Charles H. Zimmerman
Charles H. “Charlie” Zimmerman (1908 –1996) was an innovative designer of revolutionary research facilities, unconventional aircraft, and advanced flying vehicles. He was an expert in the field of stability and control of aircraft, as well as in flight dynamics. In addition to his aeronautical contributions, Zimmerman also participated in early studies that stimulated the NACA research on spaceflight. He became a participant in Project Mercury and led advanced studies of vertical takeoff and landing (VTOL) aircraft.
Zimmerman joined the staff of the NACA Langley Memorial Aeronautical Laboratory in 1929 after graduating from the University of Kansas with a bachelor of science degree in electrical engineering. He later received a master of science degree in aeronautical engineering from the University of Virginia in 1954.
His initial assignments at Langley in the 1930s consisted of wind-tunnel and analytical studies at the 5-Foot Vertical Wind Tunnel (which Zimmerman designed in 1929), to investigate aircraft spins, which had become a frequent factor in fatal airplane accidents.

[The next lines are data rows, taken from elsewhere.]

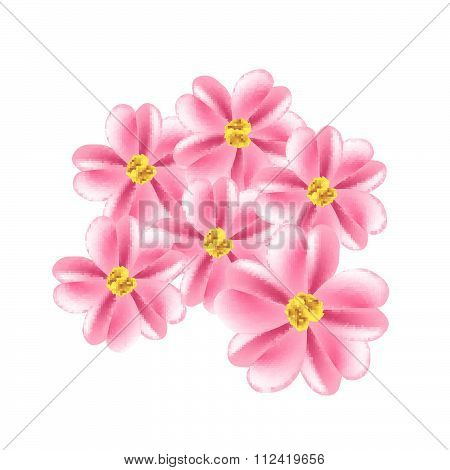 Old Rose Yarrow Flowers Or Achillea Millefolium Flowers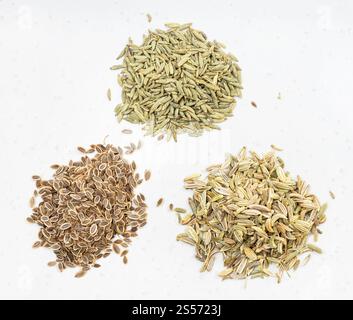 trois piles de graines d'anis, d'aneth et de fenouil sur une plaque en céramique grise Banque D'Images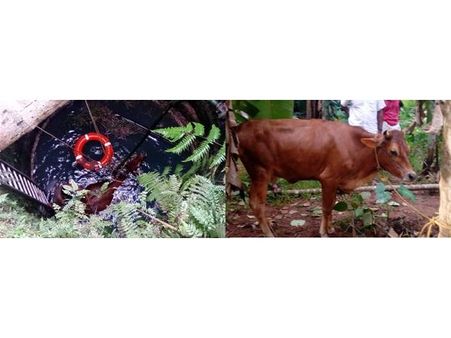 ആഴമേറിയ കിണറ്റില്‍ വീണ പശുവിനെ രക്ഷപ്പെടുത്തി:കരക്കുകയറ്റിയത് ഒരു പരുക്കും ഏല്‍ക്കാതെ!!
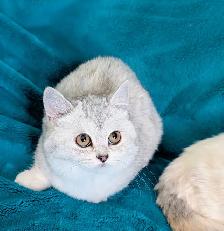 Non Standard and Standard Munchkin kittens - Photo 5
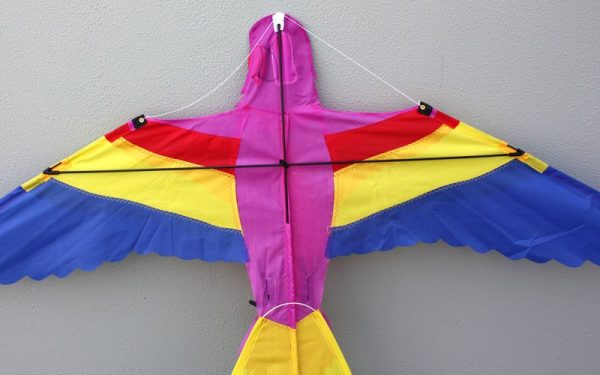 Single string Bird shaped kids kite showing frame detail
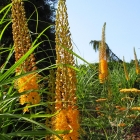 Steppenkerze / Eremurus x isabellinus Pinokkio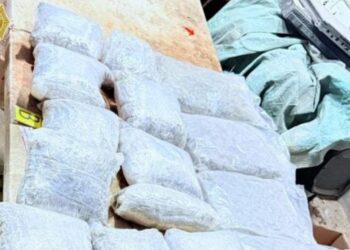 Catean domicilio en Jardín Balbuena; decomisan droga y utensilios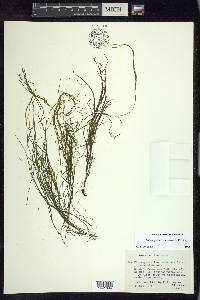 Potamogeton tennesseensis image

The facility could simulate the spinning motions of models affixed to a balance that measured air loads during the simulated spin. However, this testing approach proved to have numerous limitations, and Zimmerman was assigned the task of developing a more capable free-spinning 15-ft spin tunnel, in which hand-launched models were used to study the characteristics of spins and spin recovery in a much more efficient and informative manner. He provided the basic design of the facility and its operational procedures, which have been followed in Langley’s follow-on 20-ft Spin Tunnel operations to the present day. Also, in the early 1930s, Zimmerman continued his interest in the applications of free-flying models by designing a proof-of-concept 5-ft wind tunnel for studies of dynamic stability and control in conventional flight. The success of this facility in 1937 led to the design and construction of the larger Langley 12-Foot Free-Flight Tunnel in 1939. The free-flight testing technique was later transferred in 1958 to the Langley Full-Scale Tunnel, where it was used until the closure of that facility in 2009.

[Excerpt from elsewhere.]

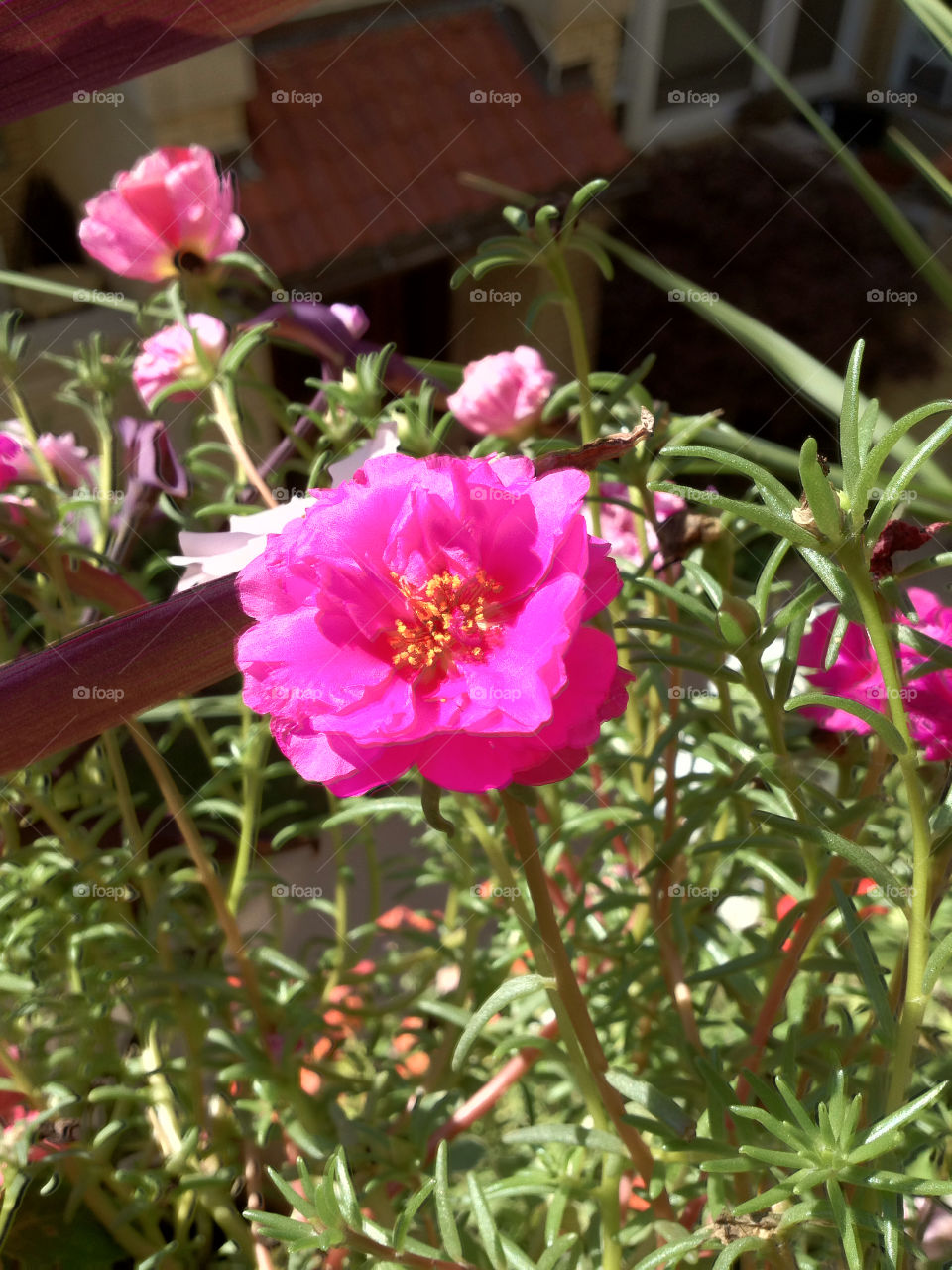 nature pink flower cook by eastofsheridan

During 1933, Zimmerman’s research efforts focused on aircraft capable of extremely low-speed takeoff and landing operations, resulting in reduced runway requirements. These efforts led him to concentrate on a radical new aircraft configuration. Results of his studies indicated that wings, having “flying saucer” shapes and powered by large propellers that immersed the wing in their wakes, could produce much more lift at low speeds than conventional wings. After conducting extensive wind-tunnel and free-flying model tests of the concept, Zimmerman left Langley in 1937, to join the Chance Vought Aircraft Division. At Chance Vought, he successfully advocated for a contract from the U.S. Navy for a proof-of-concept aircraft known as the V-173, which was later tested in the Langley Full-Scale Tunnel, and flown by pilots such as Charles Lindbergh, who praised the flying qualities of the design. Plans were set into motion to proceed to a refined high-speed propeller-driven fighter known as the Vought XF5U, intended to operate from small aircraft carriers for protection of the naval fleets in the Pacific from Kamikaze attacks. However, development issues arose that delayed the project until the end of the war, at which time the Navy lost interest in the concept. Despite an unsuccessful ending, the “Flying Pancake” or “Zimmer Skimmer” concept remains one of the most innovative ideas in aircraft design. The V-173 aircraft was acquired by the Smithsonian Institution and placed on long-term loan to the Vought Heritage Foundation for restoration, and the restored V-173 is currently on display at the Frontiers of Flight Museum in Dallas, Texas.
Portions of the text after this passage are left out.